- **EXERCISE AIM**: If an entry contains a picture, leave the picture out and reproduce everything else in the records below exactly.

- **SUPPLIED INFORMATION**:
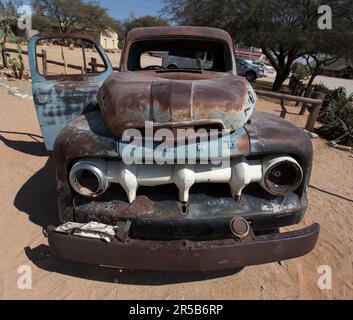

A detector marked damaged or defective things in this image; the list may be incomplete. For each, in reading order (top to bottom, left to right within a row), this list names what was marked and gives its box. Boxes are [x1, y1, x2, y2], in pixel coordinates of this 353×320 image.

rusted metal panel [28, 33, 113, 151]
wrecked vehicle [28, 27, 318, 272]
rusty abandoned truck [28, 27, 320, 272]
rusted metal panel [97, 71, 254, 136]
rusted metal panel [46, 224, 320, 272]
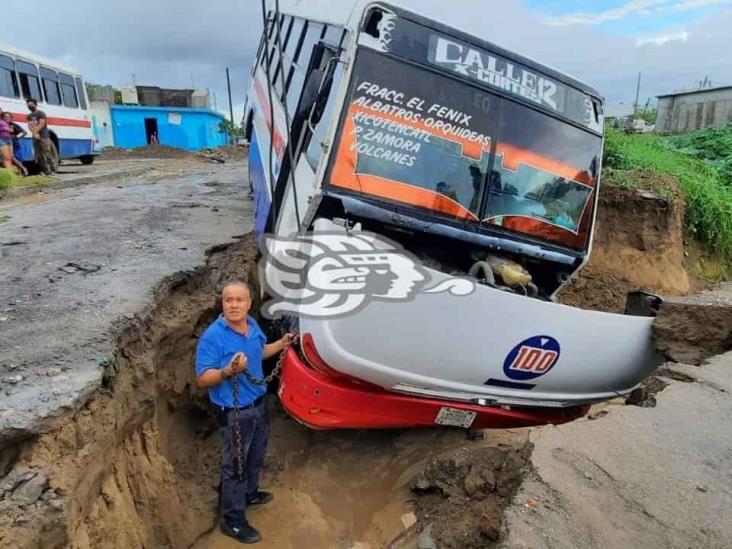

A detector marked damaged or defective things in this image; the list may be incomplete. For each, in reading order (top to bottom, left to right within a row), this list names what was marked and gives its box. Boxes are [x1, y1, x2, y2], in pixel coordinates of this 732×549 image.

cracked asphalt [0, 161, 253, 448]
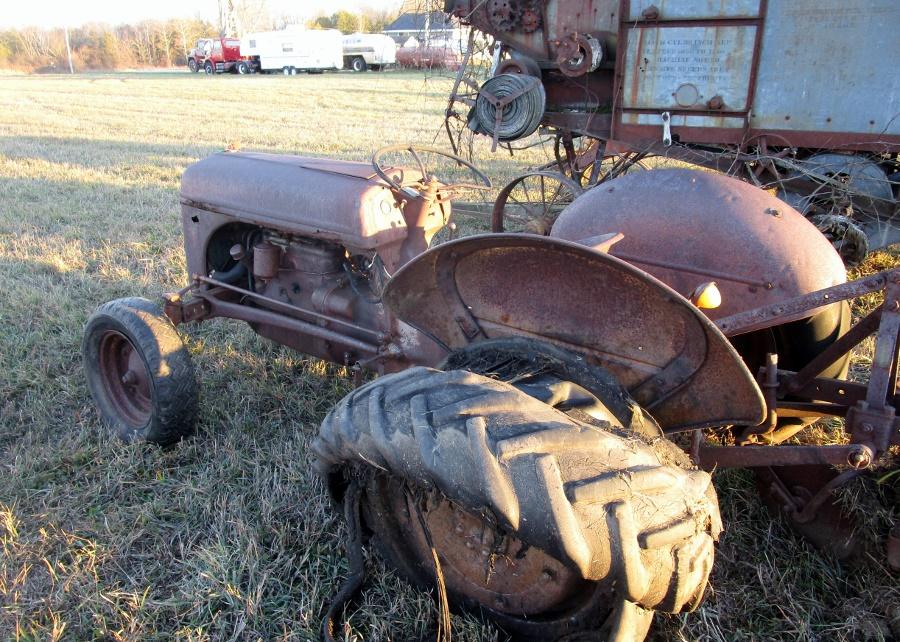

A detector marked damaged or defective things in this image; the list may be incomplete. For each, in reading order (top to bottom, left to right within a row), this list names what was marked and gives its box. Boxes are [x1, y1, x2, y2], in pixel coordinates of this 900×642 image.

rusty tractor hood [179, 152, 426, 250]
rusty tractor hood [552, 166, 848, 324]
rusty tractor hood [384, 232, 764, 432]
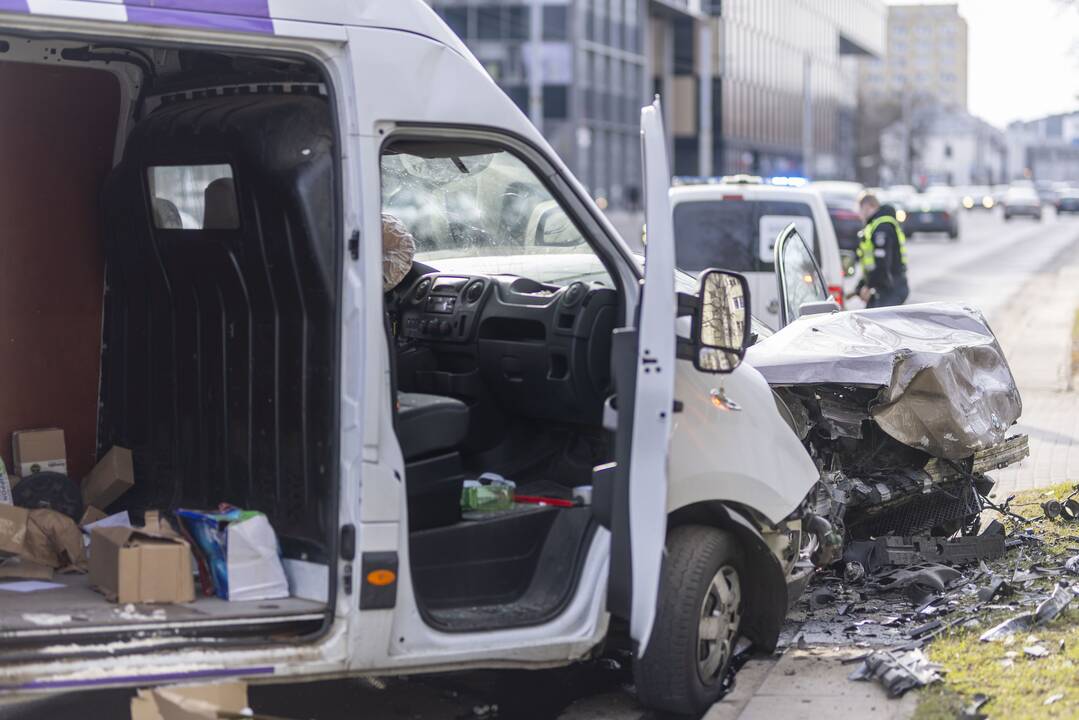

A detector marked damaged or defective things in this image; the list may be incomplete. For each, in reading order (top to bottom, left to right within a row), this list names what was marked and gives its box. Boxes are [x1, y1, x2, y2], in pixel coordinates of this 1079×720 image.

shattered windshield [384, 141, 612, 286]
deployed airbag [748, 300, 1024, 458]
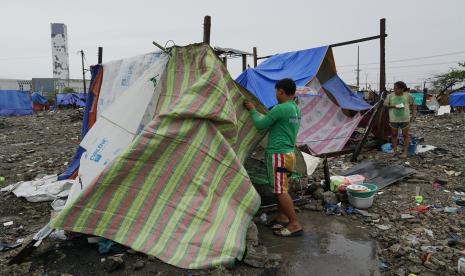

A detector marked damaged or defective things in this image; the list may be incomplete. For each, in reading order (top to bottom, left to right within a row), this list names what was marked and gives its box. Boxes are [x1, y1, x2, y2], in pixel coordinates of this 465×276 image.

damaged shelter [46, 44, 268, 268]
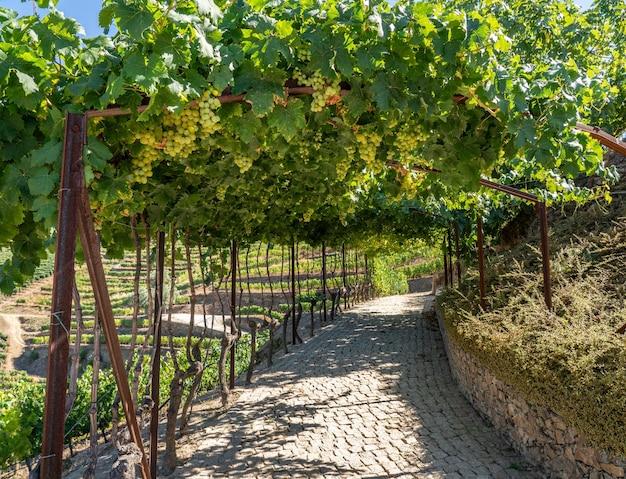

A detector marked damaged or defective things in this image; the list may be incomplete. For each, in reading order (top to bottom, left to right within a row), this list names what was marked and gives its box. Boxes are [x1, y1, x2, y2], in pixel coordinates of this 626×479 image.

rusty metal post [40, 111, 84, 479]
rusty metal post [532, 203, 552, 312]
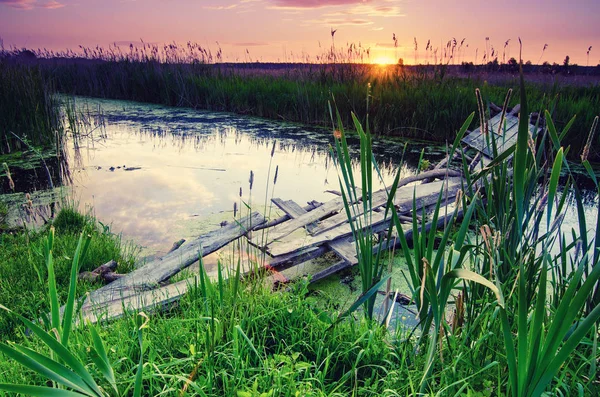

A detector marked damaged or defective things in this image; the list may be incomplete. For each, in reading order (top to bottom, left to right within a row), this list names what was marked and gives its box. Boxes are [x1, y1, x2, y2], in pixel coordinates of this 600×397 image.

broken wooden plank [78, 212, 264, 310]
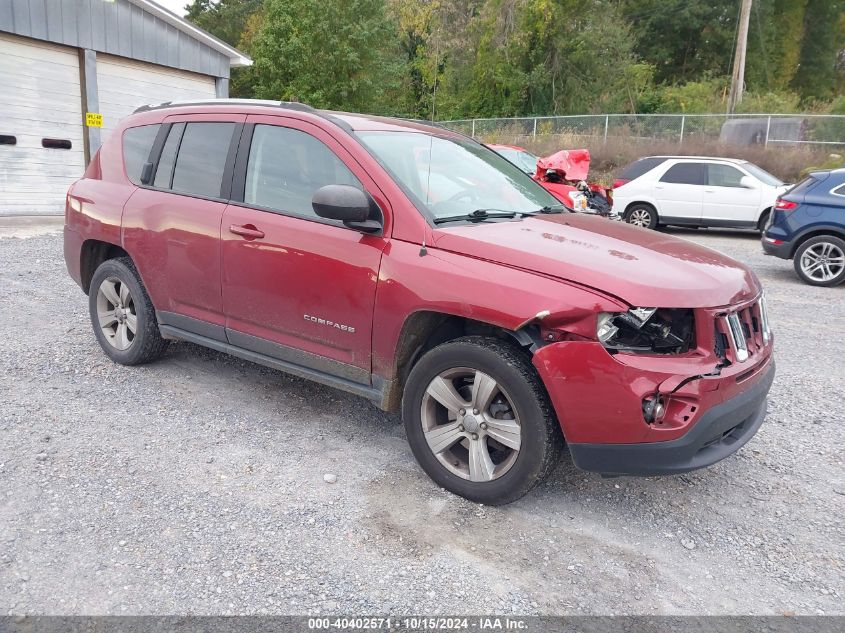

- **RESULT OF THIS EXERCISE**:
A detector marked damaged or defective things in this image; the list may be incomplete. For each, in reading order (top to bottom, left to right within a row), this list names what was marked and gives its box. Boxes are [x1, y1, x2, y2], in pixel coordinates of this 353×320 image.

rusted metal panel [28, 33, 113, 151]
wrecked vehicle [28, 27, 318, 272]
rusty abandoned truck [28, 27, 320, 272]
rusted metal panel [97, 71, 254, 136]
rusted metal panel [46, 224, 320, 272]

A detector marked damaged or defective things in this image; the list may be incomplete. For each, in reading order (top to bottom, left to right within a row), this list names what was marked and gives its box. Boxes are [x1, y1, x2, y2], in pixel coordinates of this 732×549 image.

cracked asphalt [0, 161, 253, 448]

A detector marked damaged or defective things in this image; the list may be incomplete. For each, in reading order (top to bottom, left to right within a row), this list names what was marked and gives its box. Boxes are [x1, y1, x2, y2], in pixel coordinates of this 900×642 image.

rusty tractor hood [179, 152, 426, 250]
rusty tractor hood [552, 166, 848, 324]
rusty tractor hood [384, 232, 764, 432]

A detector marked damaged or defective things in this image; the list may be incomplete. For each, in reading order (top to bottom, left to right within a row), this list names what was marked and gives its box. Boxes are [x1, y1, x2, y2], in pixel coordinates of this 1079×720 image.

shattered windshield [384, 141, 612, 286]
deployed airbag [748, 300, 1024, 458]

A detector marked damaged or defective things in this image; the list may be incomplete. For each, in reading order (top to bottom, left to right within a row), this list names what was marked and gives its box. Boxes are [x1, y1, x2, y2], in pixel coordinates of this 465×276 image.

damaged shelter [46, 44, 268, 268]

A detector marked damaged or defective things in this image; the list may be incomplete. For each, in reading order (top to bottom, left to right within a row), this list names what was marked and gives its box. Boxes are [x1, y1, x2, y2], in pixel coordinates of this 626×479 image.

rusty metal post [40, 111, 84, 479]
rusty metal post [532, 203, 552, 312]

A detector marked damaged or defective things in this image; the list may be incomplete. For each, in reading order (top to bottom, left to right within a row), this list names what was marked and gives its box. Boxes are [x1, y1, x2, y2], in pixel coordinates of this 600×397 image.

broken wooden plank [78, 212, 264, 310]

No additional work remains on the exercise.